_WHAT THE TASK REQUIRES_.
Begin with the line holding "巴拉特？一些高性能产品来替代我们的设计，就要选择球鞋重量的鞋子" and end with the last line of the records below. Set down exactly those lines and leave out every picture.

_DATASET ENTRIES_.
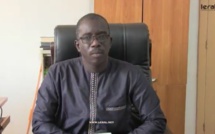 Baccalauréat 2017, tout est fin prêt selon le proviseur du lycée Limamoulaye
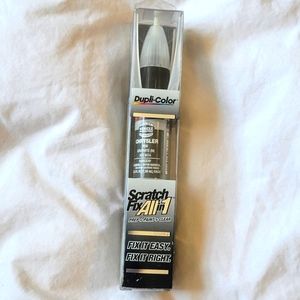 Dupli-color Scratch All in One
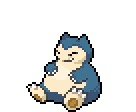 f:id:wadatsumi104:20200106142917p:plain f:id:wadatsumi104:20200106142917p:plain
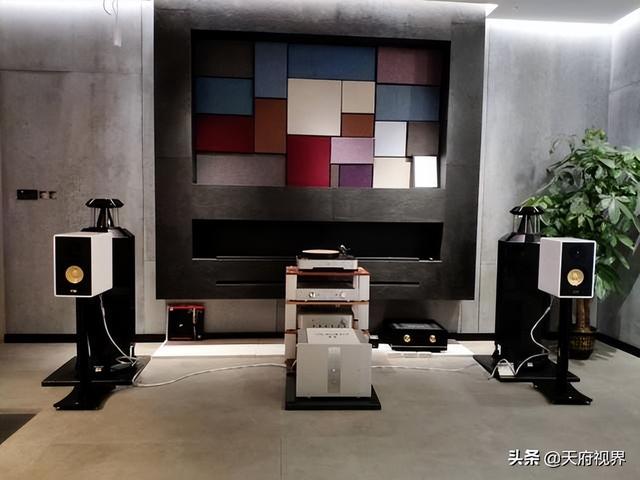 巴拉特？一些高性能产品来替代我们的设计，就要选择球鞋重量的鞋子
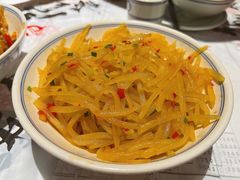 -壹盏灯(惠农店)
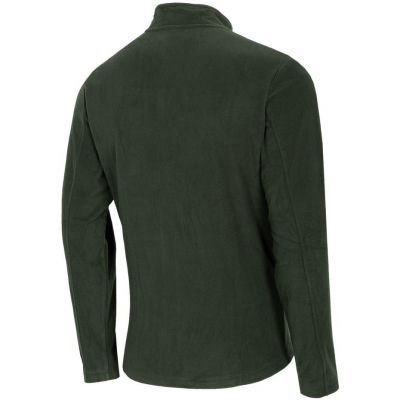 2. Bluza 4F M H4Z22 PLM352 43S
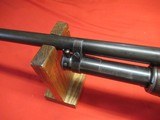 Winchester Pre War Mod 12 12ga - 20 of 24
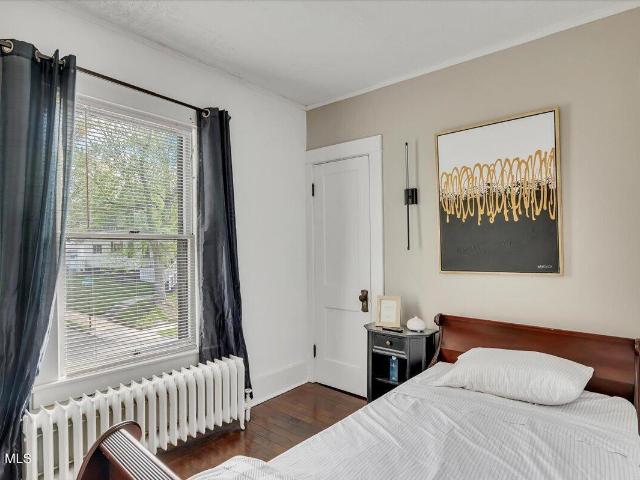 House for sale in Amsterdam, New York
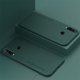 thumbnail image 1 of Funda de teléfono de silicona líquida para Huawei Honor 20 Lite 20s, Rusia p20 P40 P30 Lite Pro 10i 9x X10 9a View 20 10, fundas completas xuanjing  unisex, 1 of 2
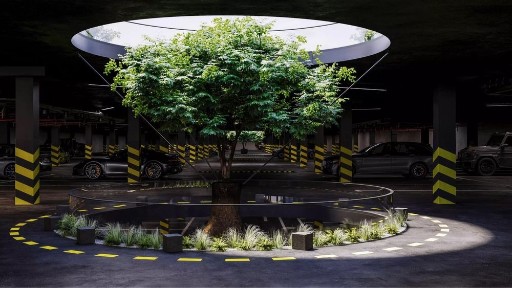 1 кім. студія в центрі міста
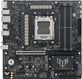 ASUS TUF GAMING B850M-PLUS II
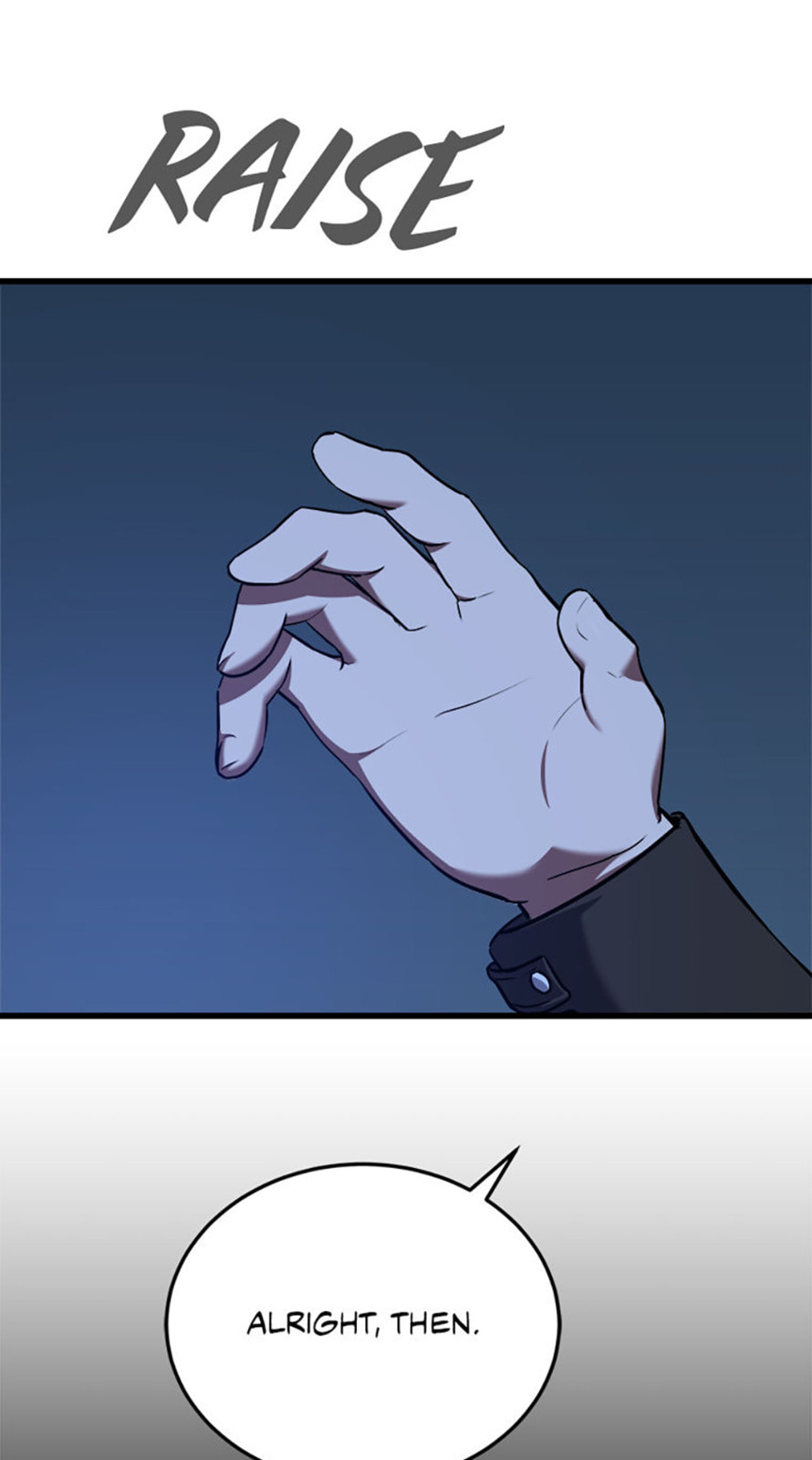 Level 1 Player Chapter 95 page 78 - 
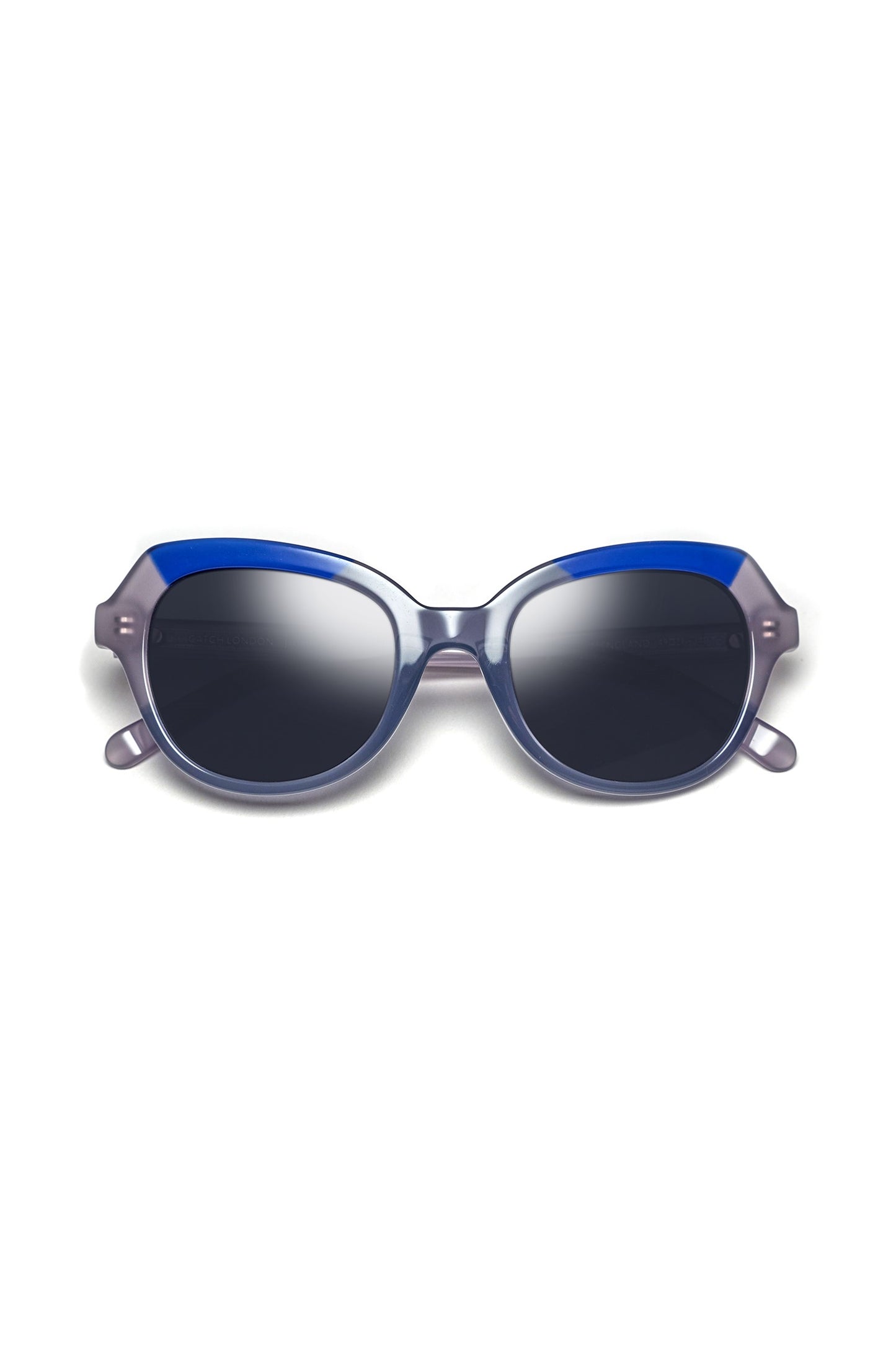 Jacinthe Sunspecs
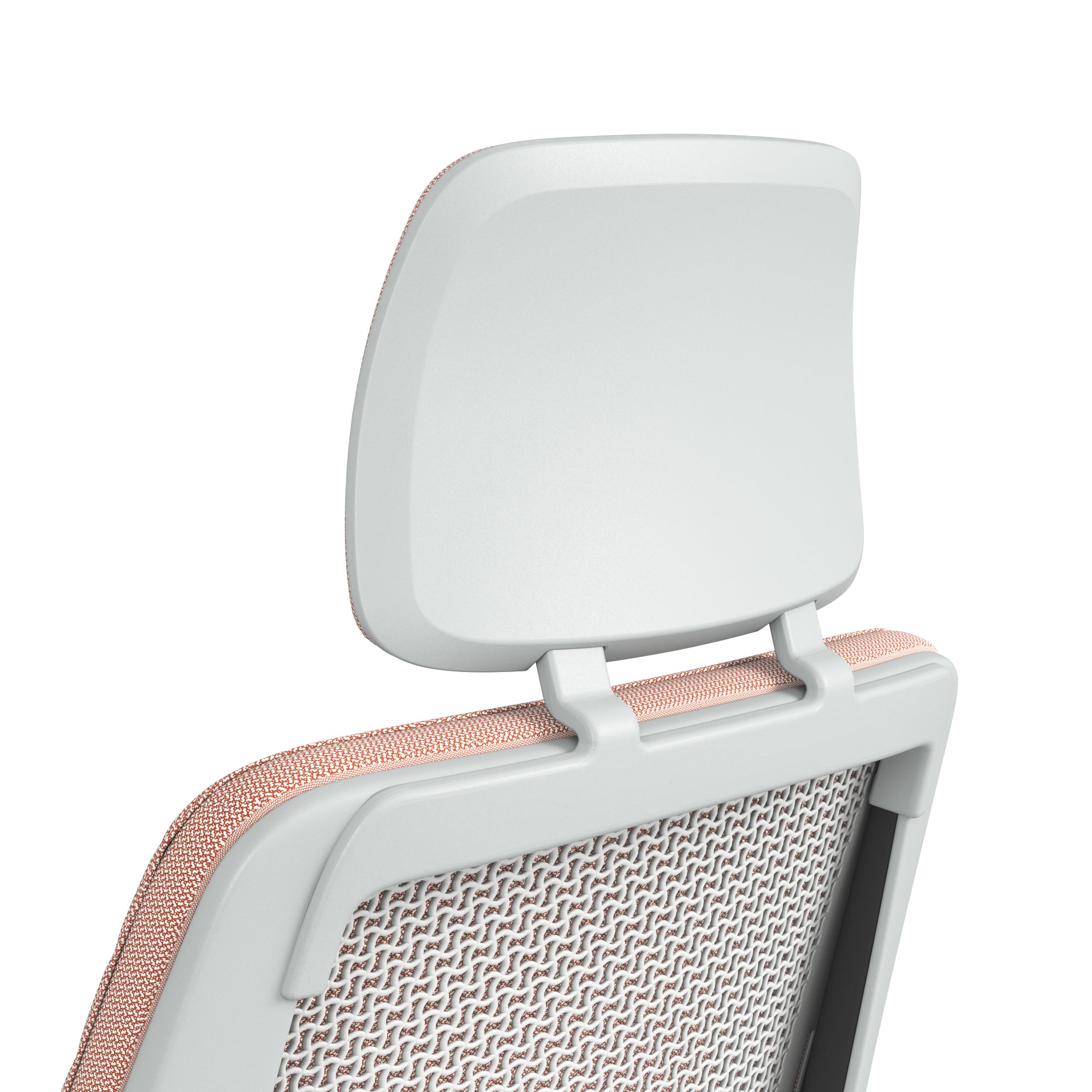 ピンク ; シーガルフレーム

_TASK RESPONSE_.
 巴拉特？一些高性能产品来替代我们的设计，就要选择球鞋重量的鞋子
 -壹盏灯(惠农店)
 2. Bluza 4F M H4Z22 PLM352 43S
 Winchester Pre War Mod 12 12ga - 20 of 24
 House for sale in Amsterdam, New York
 thumbnail image 1 of Funda de teléfono de silicona líquida para Huawei Honor 20 Lite 20s, Rusia p20 P40 P30 Lite Pro 10i 9x X10 9a View 20 10, fundas completas xuanjing  unisex, 1 of 2
 1 кім. студія в центрі міста
 ASUS TUF GAMING B850M-PLUS II
 Level 1 Player Chapter 95 page 78 - 
 Jacinthe Sunspecs
 ピンク ; シーガルフレーム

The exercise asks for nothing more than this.